Thursday, February 16, 2017

The Hanging Girl by Jussi Adler-Olsen


When Carl Morck, head of Sweden's Department Q where the coldest of cold crimes go to die, receives a call from a colleague on a remote island, his first instinct is to put the man off.  That is always Morck's first instinct and when he finds out the man is calling about a case that is twenty years old he is definite about not wanting to get involved.  When a stunning event happens to the detective who called the same day, Morck is reluctantly pulled into the case.

The case concerns the death of a teenage girl who was found hanging from a tree after a hit and run accident so forceful that she was thrown up into the tree.  She was found by the policeman who spent the rest of his life consumed with the quest to find out who hit her and left her to die.  After twenty years, what chance is there that a road accident can now be solved?  Still, that's Carl's job so he and his assistants Assad and Rose head to the scene.  They find out that the girl had recently come to a school there where she made quite an impact with her beauty and flirtatious manner.  Right before her death, she seemed to have moved her interest to a mystery man not connected with the school.  After studying the case, the team believes finding this man will be the key.  The only thing they have to go on is that he was a good-looking man who was fascinating to women and that he was interested in the old religions that worshipped the sun.  Is it even possible to find him?  Most would give up but that's not the Department Q way where once something catches Morck's interest, he cannot give up until he finds the truth.

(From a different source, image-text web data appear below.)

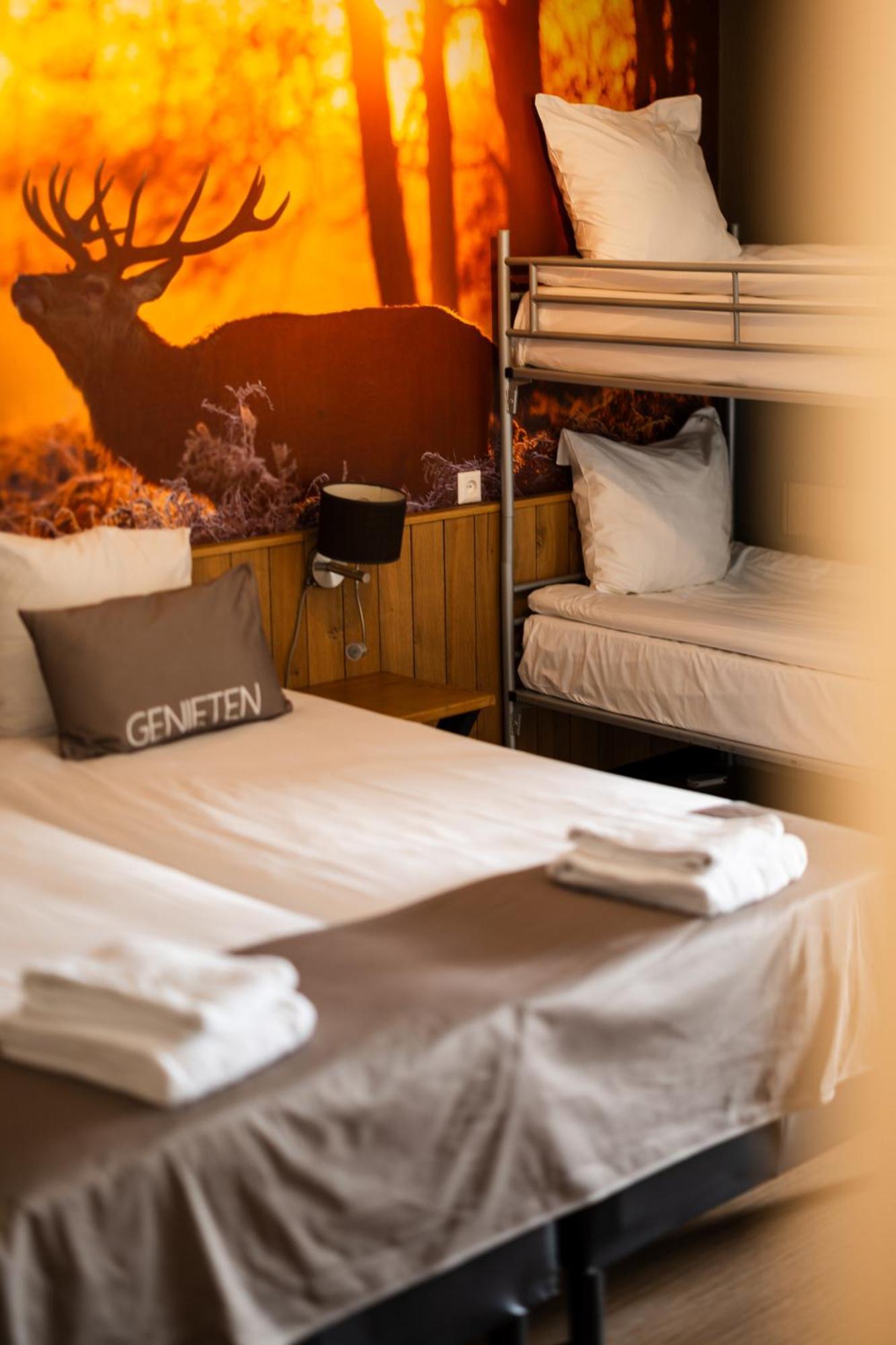 Hotel Restaurant 'De Vossenberg' Vierhouten Εξωτερικό φωτογραφία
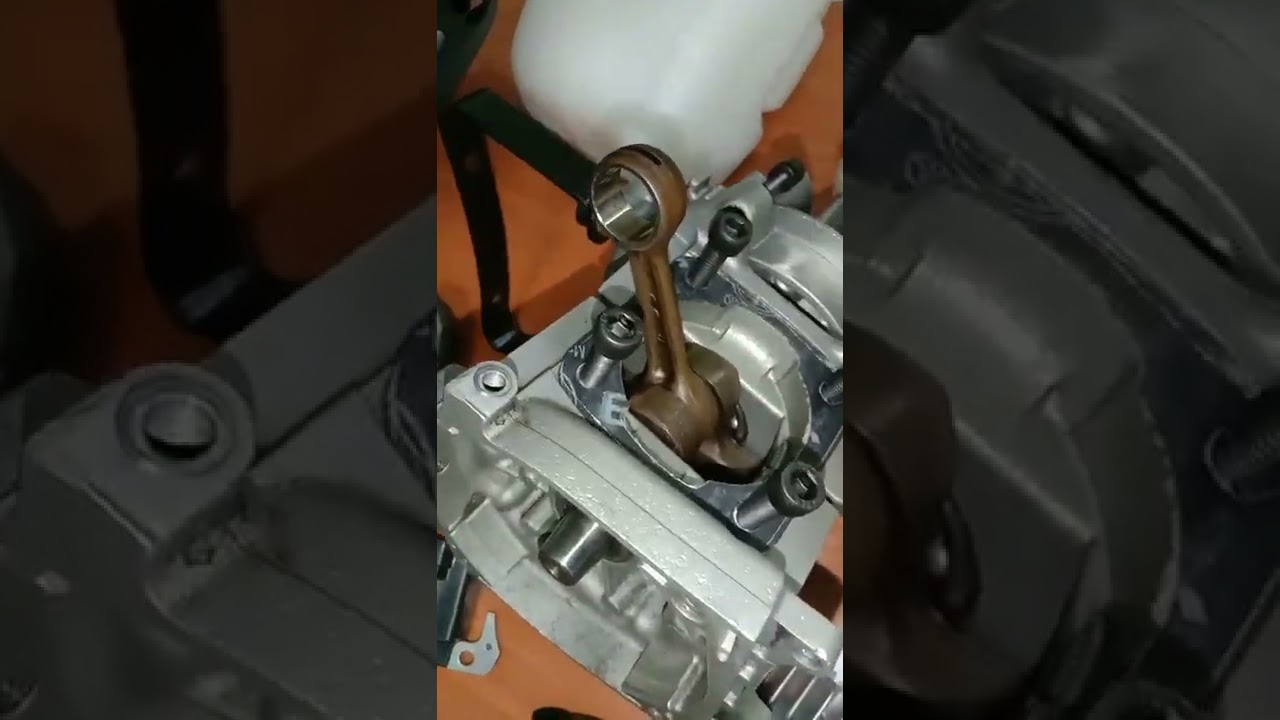 เตรียมประกอบ Robin 511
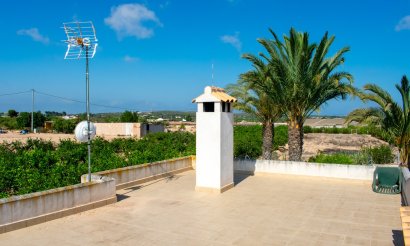 Resale - Villa - Guardamar del Segura - El Raso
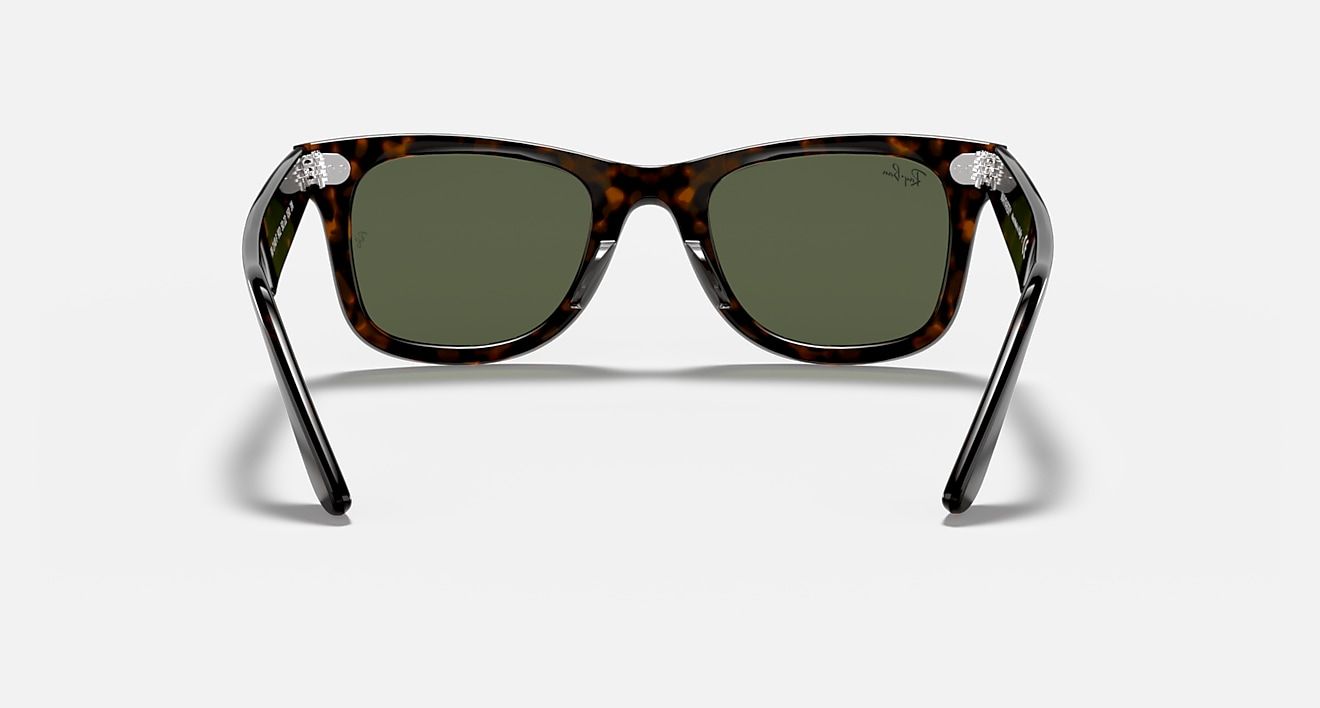 

Солнцезащитные очки унисекс Ray-Ban RB2140F коричневые2, RB2140F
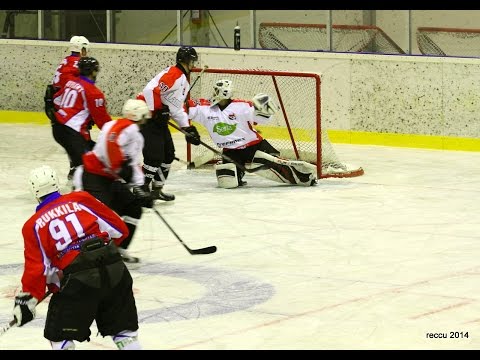 Video koostettu Recun kuvista / KPK Akatemia - Keupa HT II    ( 10.10.14 1-4 )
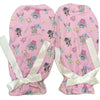 Pink Lil Circus Mittens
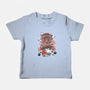 Dragon And The Dreamer Sumi-E-Baby-Basic-Tee-Astrobot Invention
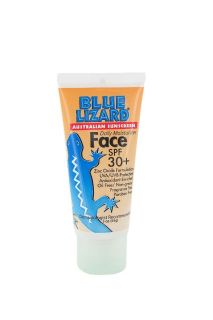 Blue Lizard Australian Sunscreen Face SPF 30 Fragrance Free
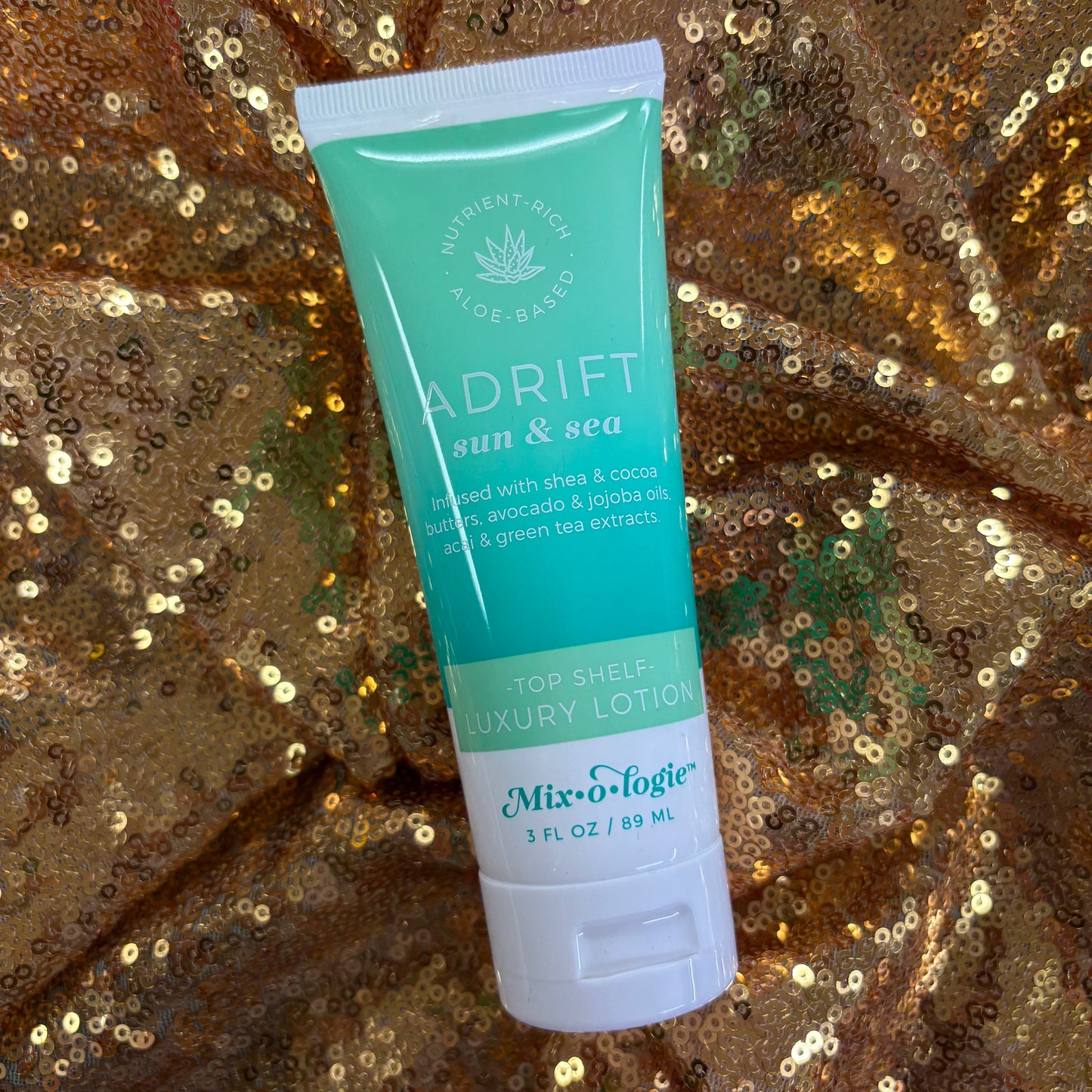 "Adrift" Lotion -Mixologie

This is the sixth installment in the Department Q series.  Fans will be delighted to spend more time with the Department Q staff, now enlarged with the addition of a new man, Gordon.  Carl is fascinating, reluctant to get involved but unable to put a mystery aside.  Assad is enigmatic and constantly surprises with his hidden abilities.  Rose has her issues but is a marvel of organization and the sparkplug that forces the men to never give up.  This book is recommended by mystery readers.